Looky what I found http://www.full-race.com/


----------



## wes (Apr 30, 2002)

HAHA do a search on this forum.... Javier from this forum works there and there are a TON of pics. and other info. about their product. Yes they make SR20 stuff..


----------



## NotAnotherHonda (Aug 7, 2003)

full-race makes some of the best products in the business. the manifolds are unbeatable from what i hear


----------



## javierb14 (Jul 9, 2002)

thanks for the compliments everyone :cheers:

Full-Race is a engineering and manufacturing firm. Our main products include turbo kits, turbo manifolds, engine components, suspension components, and chassis design.
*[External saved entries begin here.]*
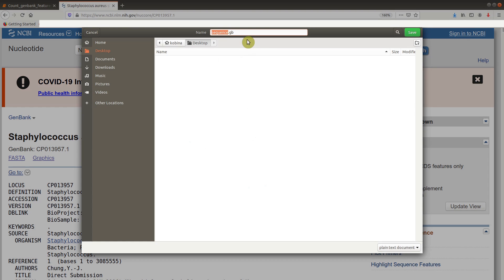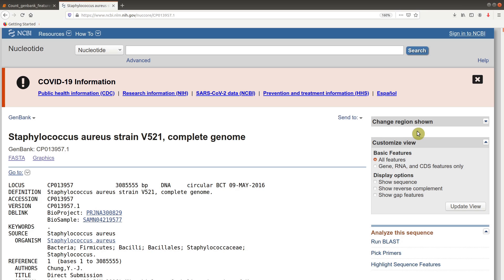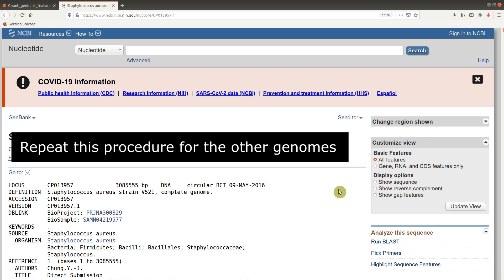It gives you a default name, but I will change it because we have multiple files to download. So this one becomes VIN 521, because that's the name of the strain. I will save it on my desktop. Please follow these instructions for the four remaining GenBank files and get them all downloaded to a location of your choice.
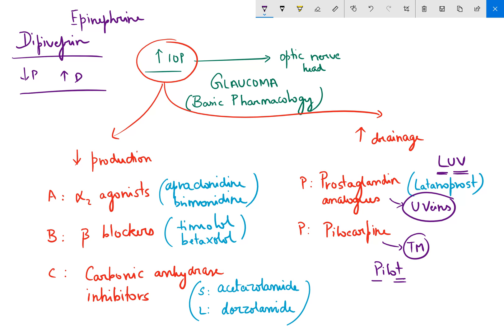So this is the basic pharmacology — the basic drugs used in the treatment of glaucoma. I hope this was helpful. I'm Dr. Paul, and I hope to make more of these videos soon. Thank you.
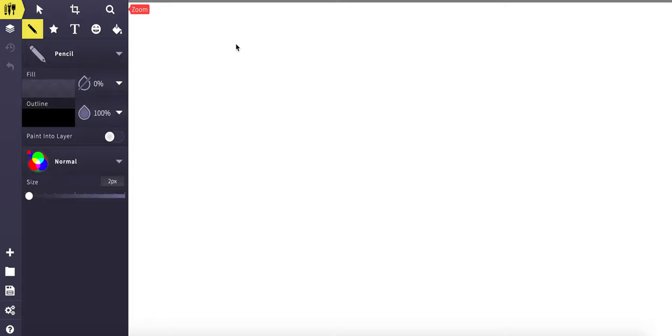Hey guys, welcome to the lesson on what is high-ticket dropshipping and how does it work. So on this screen, I'm actually going to draw out a little display for you on what it looks like and how this business model works.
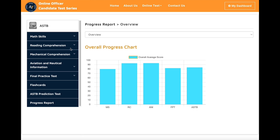Welcome to our ASTB online test prep course. In this video, you can see what is included in the course and how to prepare for your ASTB test.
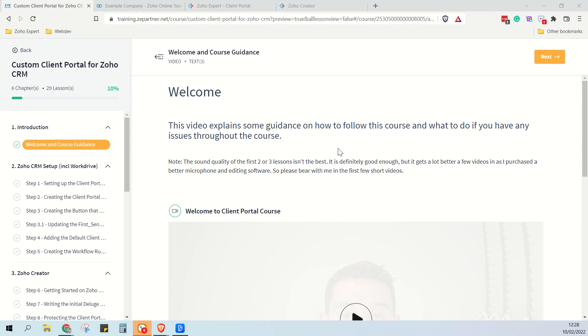I obviously think it's well worth it at that cost considering the amount of time I've put in to make the course and the amount of benefit that you guys are going to get out of having a client portal once it's in place.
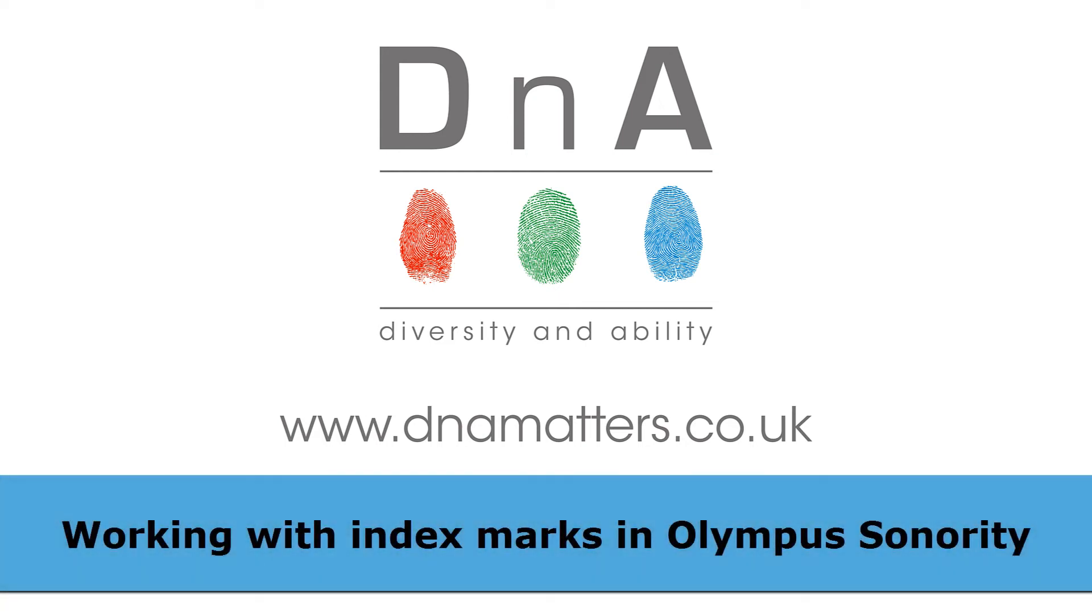Hi, it's Michael from DNA here, and in the next few minutes you're going to learn about how you can manage index marks that you've made using an Olympus digital recorder using the software that comes as standard with most Olympus recorders, Olympus Sonority.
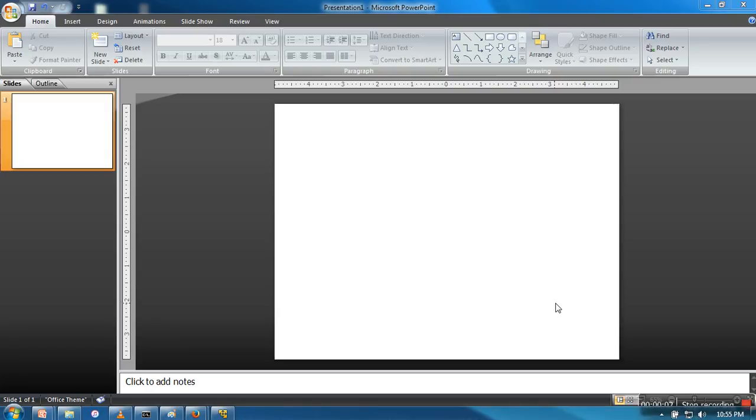Hello everyone, in this video I will show you how to insert a video file in PowerPoint presentation.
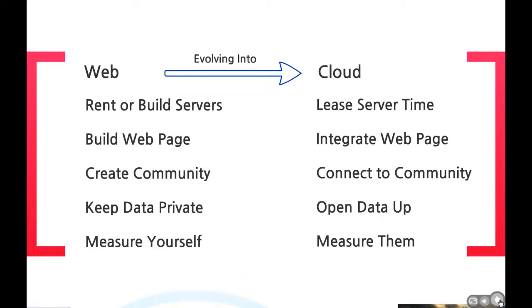Once they've done that, they're going to open up their data and share it via web API for a variety of business reasons, and then they're going to measure how all these third-party systems and service providers are going to impact their service, because now they're dependent upon them.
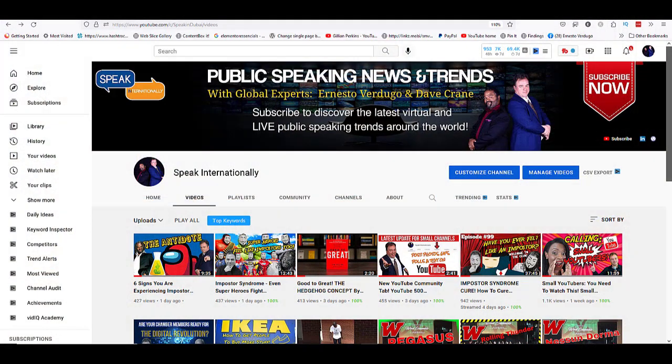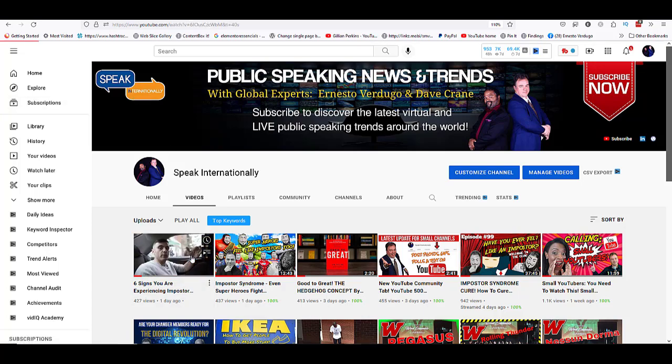The first thing that you need to do is go to YouTube. Right now we are in our channel, and by the way I encourage you to subscribe because we are sharing every day a lot of incredible tips. So now that you are here in YouTube, just select any video and click on the video itself.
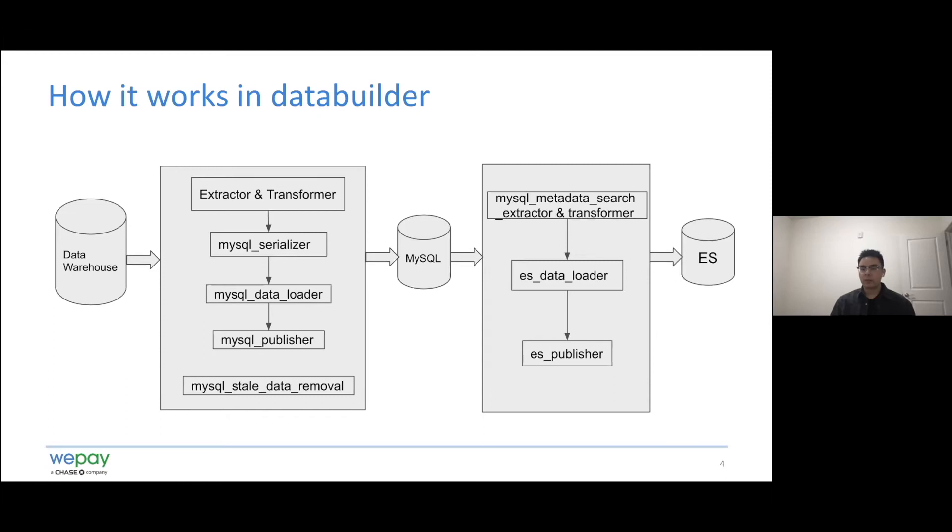The search function in that extractor could scan the whole table for several metadata resources. For example, in order to get the table metadata, we have to get the metadata from database, cluster, schema, table, watermark, column, description, or user usage. Many resources involved.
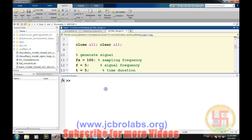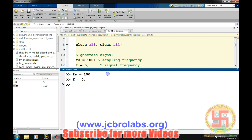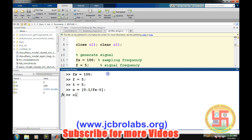First we need to define the signal which needs to be filtered. So first we define a simulated signal. Prior to that, let's define the sampling frequency — let's say 500 — the frequency of the signal, and the time duration of the signal — let's say we are generating the signal for five seconds. The sample period, that means the time axis, is 1 by Fs, so it will create a time axis. Let's clear with CLC.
We can design and build anything though 

here are a few of our latest projects 

new manifolds for the supra and solara driven by Paul and Krytos Efantis









7.90 street legal DOT tired supra 









GT40R MR2 kit

















some chassis work

















if you have any more questions, feel free to ask.


----------



## Def_Jammer (Sep 16, 2004)

do you make turbo manifolds for the KA???


----------



## javierb14 (Jul 9, 2002)

Def_Jammer said:


> do you make turbo manifolds for the KA???


sure do


----------



## BII (May 13, 2004)

The web site doesn't seem to load. I'm interested in your wares though.


----------